The population of the city of Seattle, in the U.S. state of Washington, was 737,015 in the 2020 United States census. Only about a fifth of the households include minor children, and more people live alone here than any other U.S. city besides San Francisco. Seattle's population is mostly white, with a relatively large minority of Asians. It has the largest African American population in the area and a Latino population that is growing quickly. About half the population are Christians (mostly Protestants) and about a third are unaffiliated.

As of a 2019 estimate, less than 30% of adults in Seattle were born in Washington state, with the majority born in other parts of the United States.
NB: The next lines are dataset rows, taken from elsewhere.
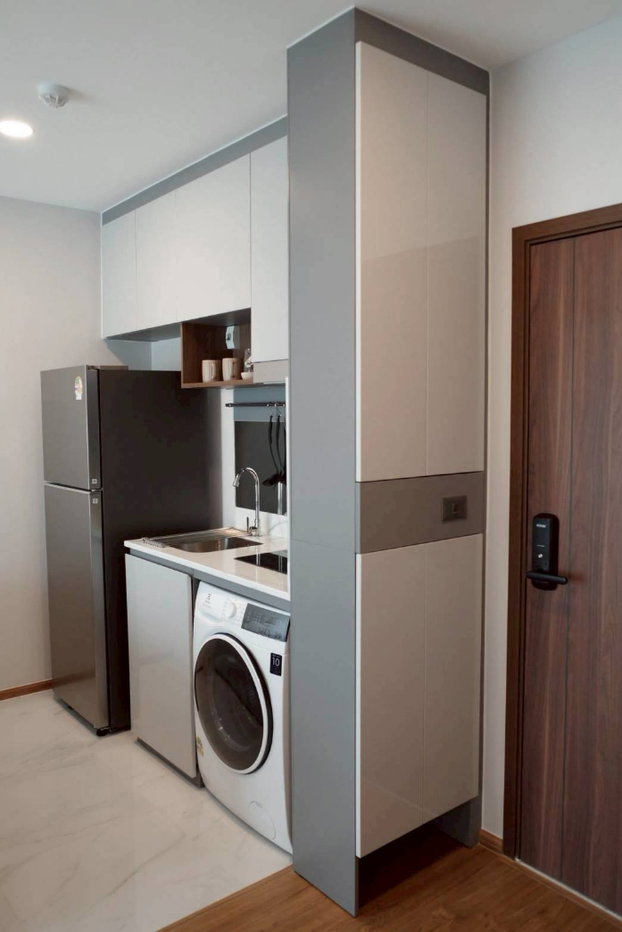 รูป 𝗙𝗼𝗿 𝗥𝗲𝗻𝘁 | ให้เช่า คอนโด อะไรซ์ เจริญเมือง Arise Charoenmueang - รูปที่ 9/21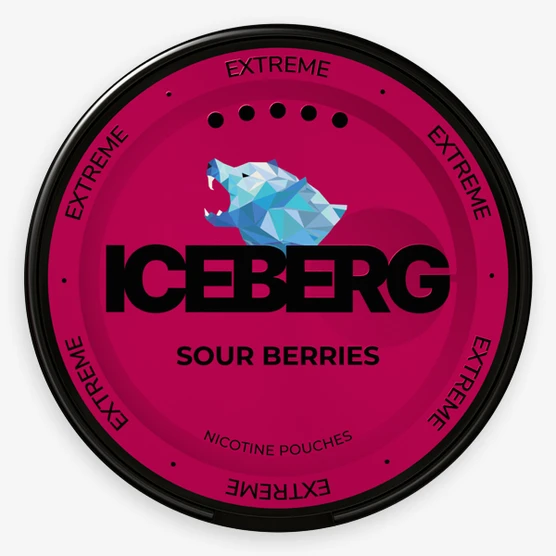 Iceberg Sour Berries 50mg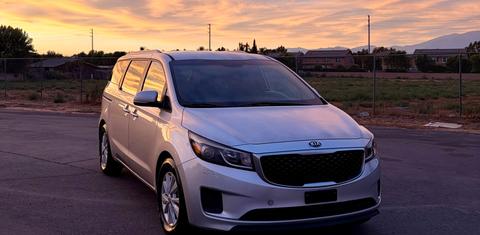 Kia Sedona 2016
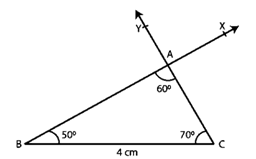 RD Sharma Solutions Class 7 Chapter 17 Constructions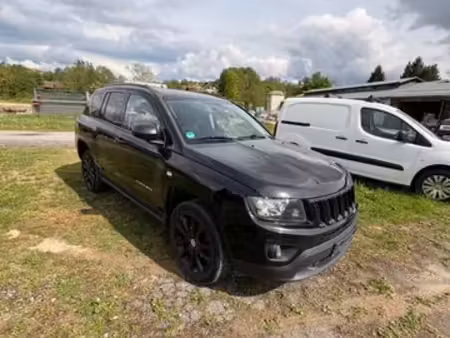 Jeep Compass 2.1 163 Limited 4x4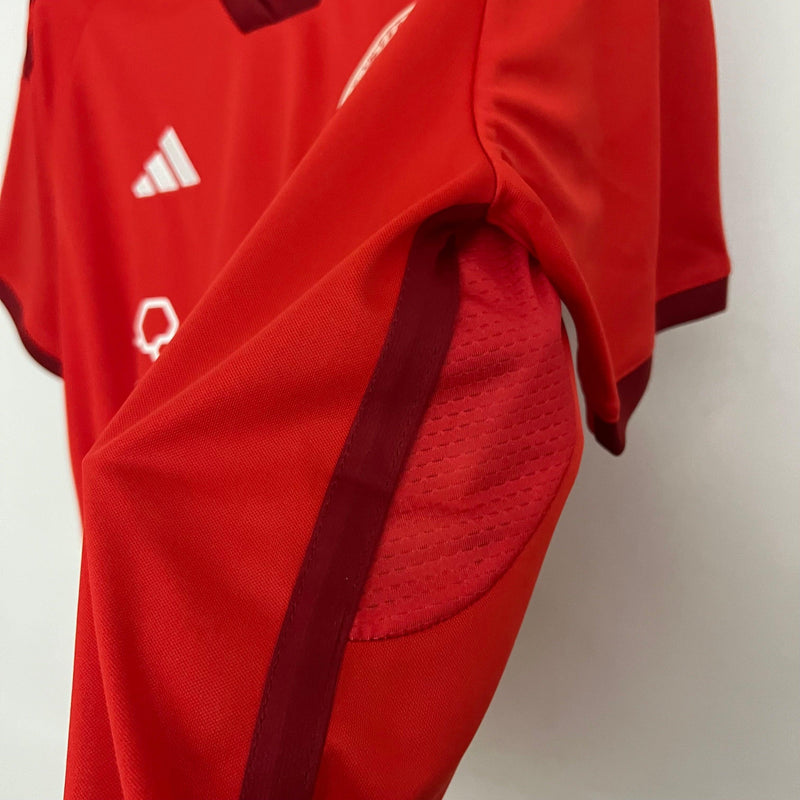 Camisa Internacional I 23/24 Adidas - Rojo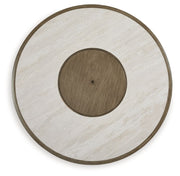 Rainier Ranch - Round Fire Pit Table - Beige - R&R Furniture Gallery (Fountain Valley, CA)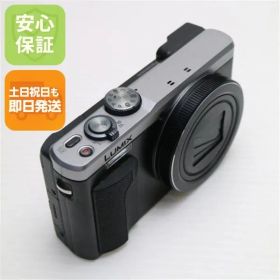 美品 DMC-TZ85 シルバー 即日発送 コンデジ Panasonic 本体 土日祝発送OK 08000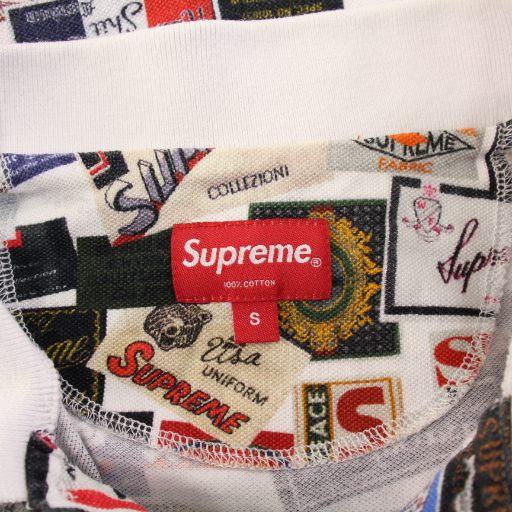 Supreme（シュプリーム） SUPREME 21SS Labels Polo ラベルポロシャツ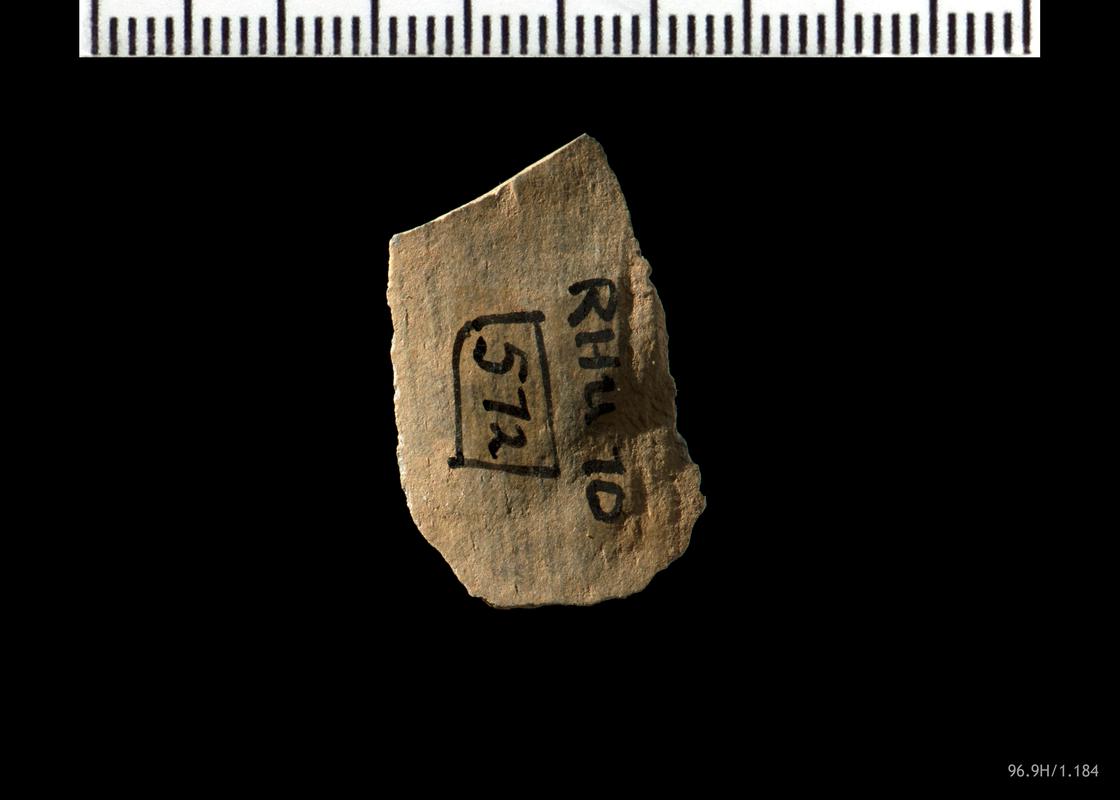 Late Mesolithic flint microlith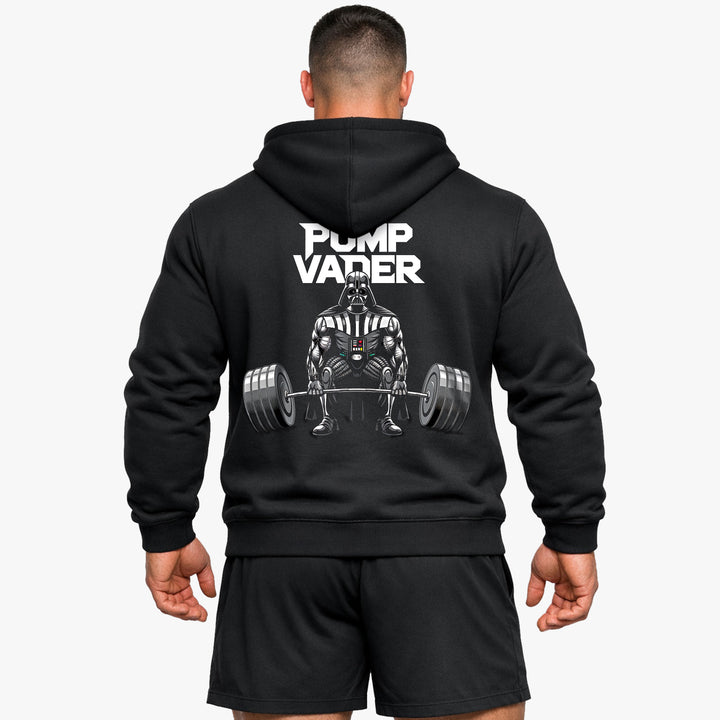 Sweat à capuche Pump Vader (empreinte arrière)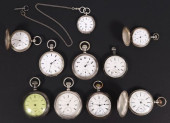 (10) SILVER-CASED HUNTER &AMP;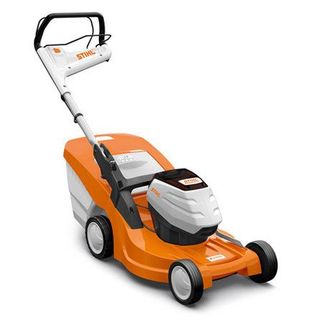 Аккумуляторная газонокосилка STIHL RМА 448.0 TC SET (AP 300, AL 300)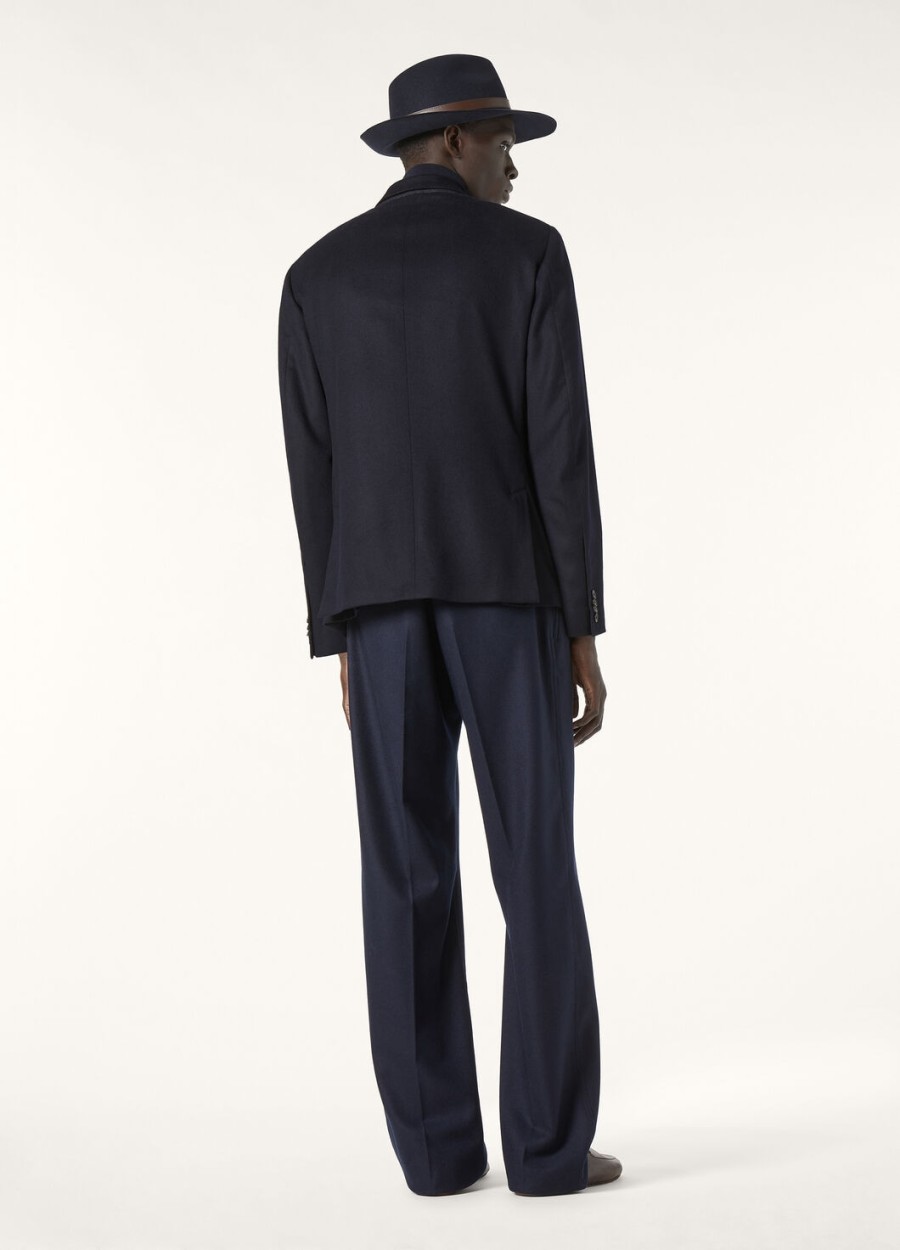 new order kasjmierjas - rain system marineblauw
Approximately 20 percent were born abroad.

Population

As of the U.S. Census of 2000, there were 563,374 people, 258,499 households, and 113,481 families residing in the city of Seattle.  The population density was 2,593.5/km2 (6,717.0/mi2).  There were 270,524 housing units at an average density of 1,245.4/km2 (3,225.4/mi2).

During the day, incoming commuters increase Seattle's population by about 30%.

According to Census 2010, there were a total of 283,510 households in Seattle. Of these, 42.9% were family households and 57.1% were non-family households. A total of 19.5% of households had children under 18 years, and 17.6% had someone over the age of 65. The average household size was 2.06, while the average family size was 2.87. The city is second-last in terms of households with children, with only 19.1% of households reporting children under 18 living with them. Only San Francisco has a lower percentage of families with children. Seattle also sports the fifth-highest percentage of adults living alone in the country.

In the city the population was spread out, with 15.6% under the age of 18, 11.9% from 18 to 24, 38.6% from 25 to 44, 21.9% from 45 to 64, and 12.0% who were 65 years of age or older.  The median age was 35 years.  For every 100 females, there were 99.5 males.  For every 100 females age 18 and over, there were 98.8 males.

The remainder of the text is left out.